Fused TQ4 Flash Attention with compressed K and standard V.

Pre-rotates Q by rotation^T, then launches the fused kernel that decompresses nibble-packed K indices inline via centroid gather. Non-power-of-two head dimensions (e.g., 96) are handled via padded tile loads and boundary masking inside the kernel. Non-pow2 dims incur ~5-15 % throughput penalty due to wasted lanes in padded tiles (e.g., head_dim=96 pads to 128, wasting 25 % of memory bandwidth on K/V loads).

Parameters:

Name	Type	Description	Default
`q`	`Tensor`	Query `[batch, H_Q, seq_q, head_dim]` fp16/bf16.	required
`k_packed`	`Tensor`	Nibble-packed key indices `[batch, H_KV, seq_kv, head_dim//2]` uint8.	required
`k_norms`	`Tensor`	Key norms `[batch, H_KV, seq_kv]` or `[..., 1]` fp32.	required
`centroids`	`Tensor`	Lloyd-Max codebook `[16]` fp32 (for 4-bit).	required
`rotation`	`Tensor`	Orthogonal rotation matrix `[head_dim, head_dim]` fp32.	required
`v`	`Tensor`	Values `[batch, H_KV, seq_kv, head_dim]` fp16/bf16.	required
`sm_scale`	`float \| None`	Softmax scale. Defaults to `1 / sqrt(head_dim)`.	`None`
`is_causal`	`bool`	Apply causal masking.	`False`

Returns:

Type	Description
`Tensor`	Attention output `[batch, H_Q, seq_q, head_dim]`.
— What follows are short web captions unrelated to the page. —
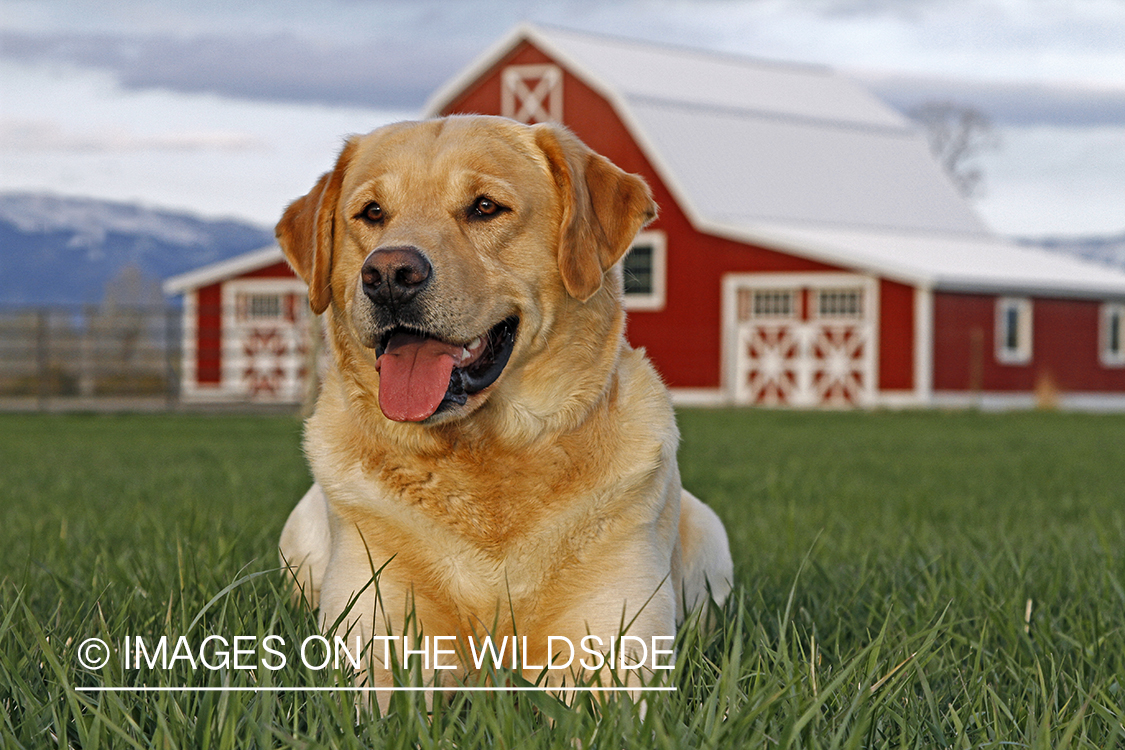 Yellow Labrador Retriever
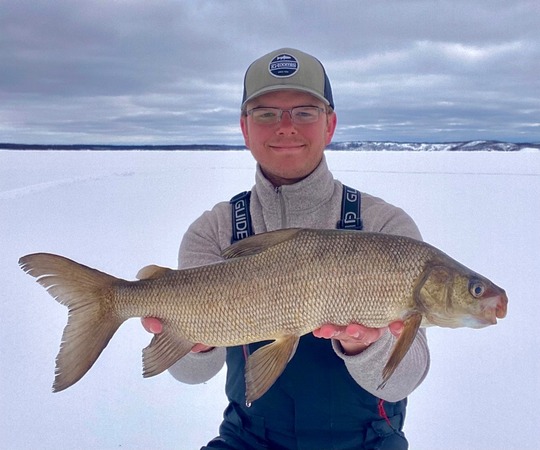 Lake Whitefish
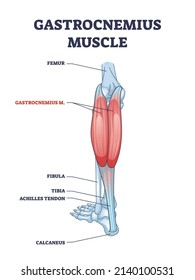 Gastrocnemius muscle with leg and ankle anatomical structure outline diagram. Labeled educational medical scheme with achilles tendon, calcaneus, long femur, fibula and tibia bones vector illustration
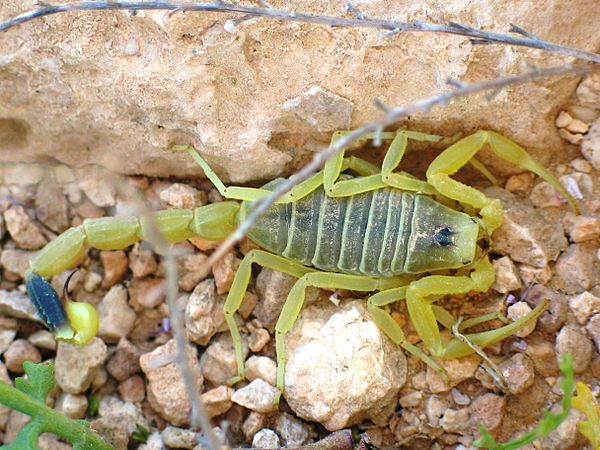 Loài bọ cạp Leiurus quinquestriatus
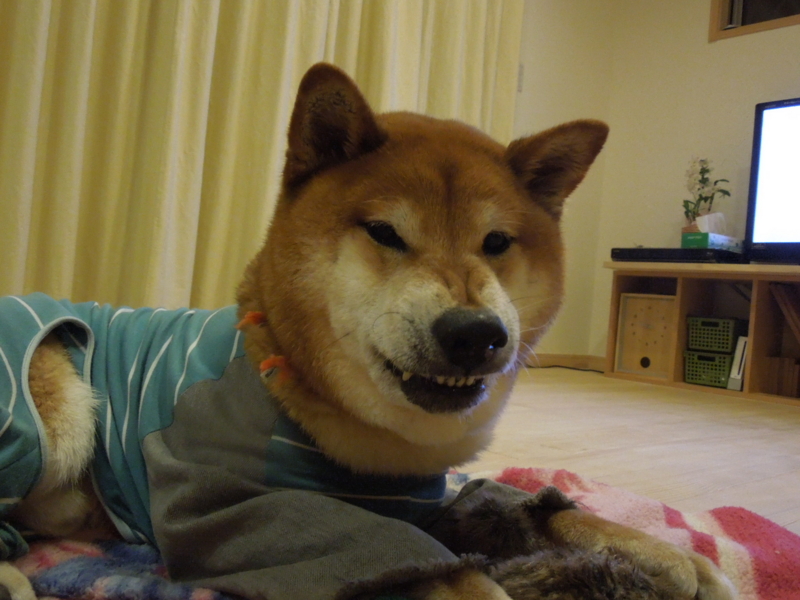 f:id:miyuki1967:20140328215106j:image:w400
Source code in src/turboquant_vllm/triton/flash_attention_tq4.py

def triton_flash_attention_tq4(
    q: torch.Tensor,
    k_packed: torch.Tensor,
    k_norms: torch.Tensor,
    centroids: torch.Tensor,
    rotation: torch.Tensor,
    v: torch.Tensor,
    sm_scale: float | None = None,
    is_causal: bool = False,
) -> torch.Tensor:
    """Fused TQ4 Flash Attention with compressed K and standard V.

    Pre-rotates Q by ``rotation^T``, then launches the fused kernel that
    decompresses nibble-packed K indices inline via centroid gather.
    Non-power-of-two head dimensions (e.g., 96) are handled via padded
    tile loads and boundary masking inside the kernel.  Non-pow2 dims incur
    ~5-15 % throughput penalty due to wasted lanes in padded tiles (e.g.,
    head_dim=96 pads to 128, wasting 25 % of memory bandwidth on K/V loads).

    Args:
        q: Query ``[batch, H_Q, seq_q, head_dim]`` fp16/bf16.
        k_packed: Nibble-packed key indices ``[batch, H_KV, seq_kv, head_dim//2]`` uint8.
        k_norms: Key norms ``[batch, H_KV, seq_kv]`` or ``[..., 1]`` fp32.
        centroids: Lloyd-Max codebook ``[16]`` fp32 (for 4-bit).
        rotation: Orthogonal rotation matrix ``[head_dim, head_dim]`` fp32.
        v: Values ``[batch, H_KV, seq_kv, head_dim]`` fp16/bf16.
        sm_scale: Softmax scale. Defaults to ``1 / sqrt(head_dim)``.
        is_causal: Apply causal masking.

    Returns:
        Attention output ``[batch, H_Q, seq_q, head_dim]``.
    """
    B, H_Q, N_Q, D = q.shape
    _, H_KV, N_KV, HALF_D = k_packed.shape

    assert D % 2 == 0, f"HEAD_DIM must be even, got {D}"
    assert HALF_D == D // 2, f"Packed dim {HALF_D} != head_dim//2 ({D // 2})"
    assert H_Q % H_KV == 0, f"Q heads ({H_Q}) must be divisible by KV heads ({H_KV})"
    assert k_packed.dtype == torch.uint8, "k_packed must be uint8"
    assert k_norms.dtype == torch.float32, "k_norms must be float32"
    assert centroids.dtype == torch.float32, "centroids must be float32"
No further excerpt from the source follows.